You are viewing a plain text version of this content. The canonical link for it is here.

Posted to solr-user@lucene.apache.org by Kevin Osborn <os...@yahoo.com> on 2010/02/13 02:28:08 UTC

cannot match on phrase queries

I am seeing this in several of my fields. I have something like "Samsung 
X150" or "Nokia BH-212". And my query will not match on X150 or BH-212.

So, my query is something like +model:(Samsung X150). Through debugQuery, I see that this gets converted to +(model:samsung model:"x 150"). It 
matches on Samsung, but not X150. A simple query like model:BH-212 
simply fails. model:BH212 also fails. The only query that seems to work 
is model:(BH 212).

Here is the schema for that field:

<fieldType name="text" class="solr.TextField" positionIncrementGap="100" >
      <analyzer type="index">
        <tokenizer 
class="solr.WhitespaceTokenizerFactory"/>
        <filter class="solr.SynonymFilterFactory" 
synonyms="index_synonyms.txt" ignoreCase="true" expand="true" />
        <filter class="solr.StopFilterFactory" ignoreCase="true" 
words="stopwords.txt" enablePositionIncrements="true" />
        
<filter class="solr.WordDelimiterFilterFactory" splitOnCaseChange="1" generateWordParts="1" generateNumberParts="1" catenateWords="1" 
catenateNumbers="1" catenateAll="1" />
        <filter 
class="solr.LowerCaseFilterFactory" />
        <filter 
class="com.lucidimagination.solrworks.analysis.LucidKStemFilterFactory" 
protected="protwords.txt" />
        <filter 
class="solr.RemoveDuplicatesTokenFilterFactory" />
      
</analyzer>
      <analyzer type="query">
        <tokenizer 
class="solr.WhitespaceTokenizerFactory" />
        <filter 
class="solr.SynonymFilterFactory" synonyms="query_synonyms.txt" 
ignoreCase="true" expand="true" />
        <filter 
class="solr.StopFilterFactory" ignoreCase="true" words="stopwords.txt" 
/>
        <filter class="solr.WordDelimiterFilterFactory" 
splitOnCaseChange="1" generateWordParts="1" generateNumberParts="1" 
catenateWords="0" catenateNumbers="0" catenateAll="0" />
        
<filter class="solr.LowerCaseFilterFactory" />
        
<filter 
class="com.lucidimagination.solrworks.analysis.LucidKStemFilterFactory" 
protected="protwords.txt" />
        <filter class="solr.RemoveDuplicatesTokenFilterFactory" />
      </analyzer>
    </fieldType>

<field 
name="model" type="text" indexed="true" stored="true" omitNorms="true" 
omitTermFreqAndPositions="true" />

Any ideas? According to the analyzer, I would expect the phrase "BH-212" to match on "bh" and 
"212". Or am I missing something?

Also, is there anyway to tell the parser to not convert "X150" into a phrase query. I have some cases when it would be more useful to turn it into +(X 150).
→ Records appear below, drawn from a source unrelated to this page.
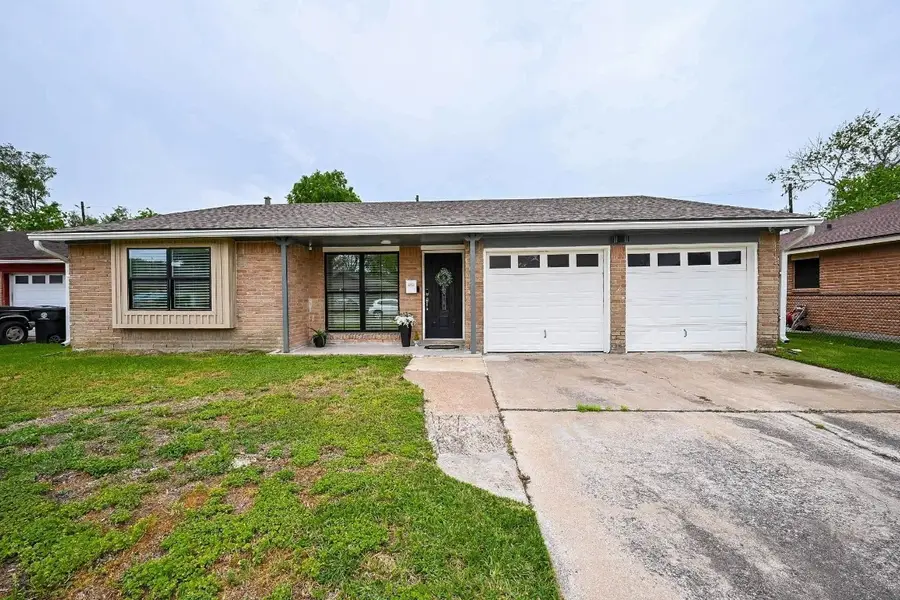 4827 Knotty Oaks Trail, Houston, TX 77045 - #3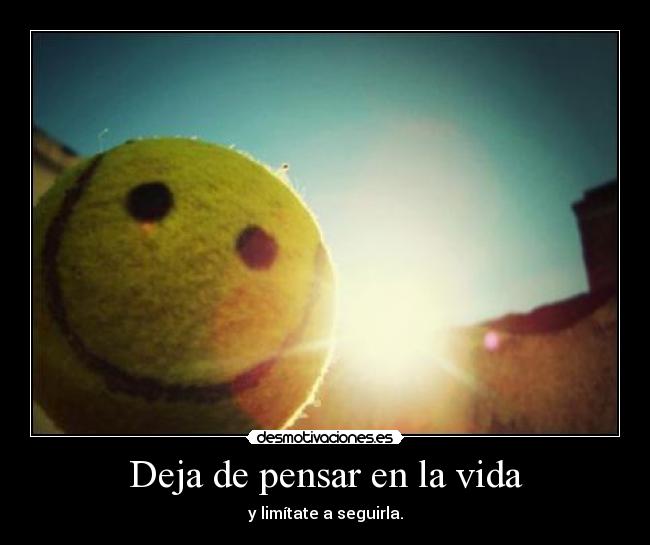 carteles vida vida desmotivaciones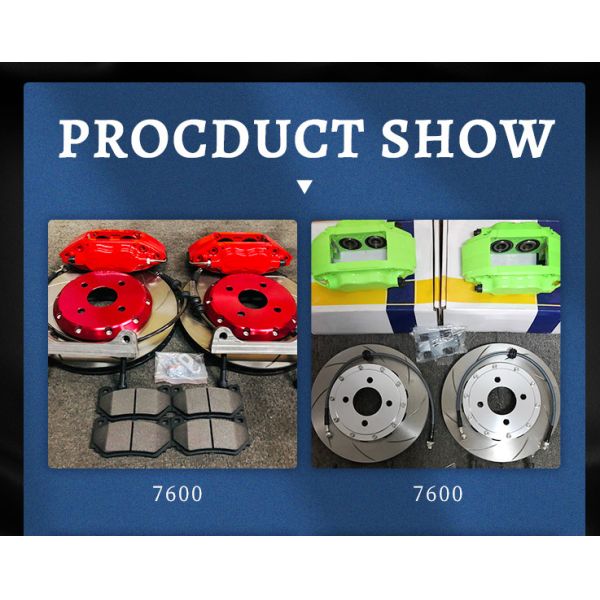 BMW E36 328i набора тормоза диска литого железа 295x24mm серого цвета большой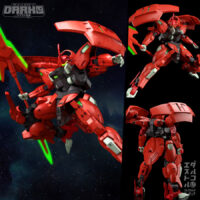 HG 1/144 Mobile Suit Gundam - The Witch from Mercury - Darilbalde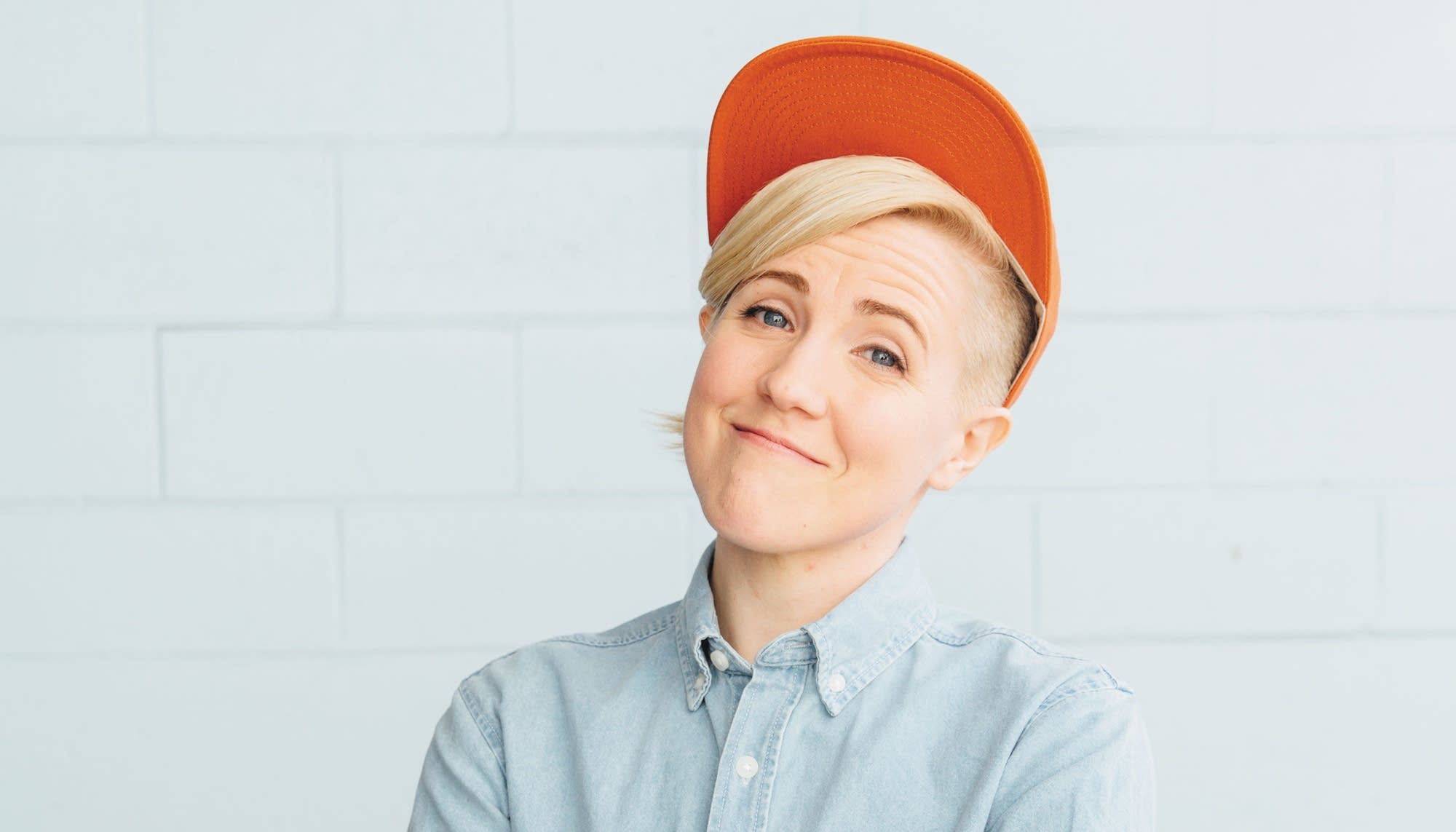 Hannah Hart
Re: cannot match on phrase queries

Posted by Kevin Osborn <os...@yahoo.com>.

It definitely had something to do with omitTermFreqAndPosition. As soon as I disabled the option and re-indexed, my queries starting working as expected.I suspect it has to something to do with terms occupying the same position and losing that information by using omitTermFreqAndPositions, but I am not entirely sure.

So, I just disabled the option and made my custom similarity always use tf=1.0. For my use cases, that should work fine.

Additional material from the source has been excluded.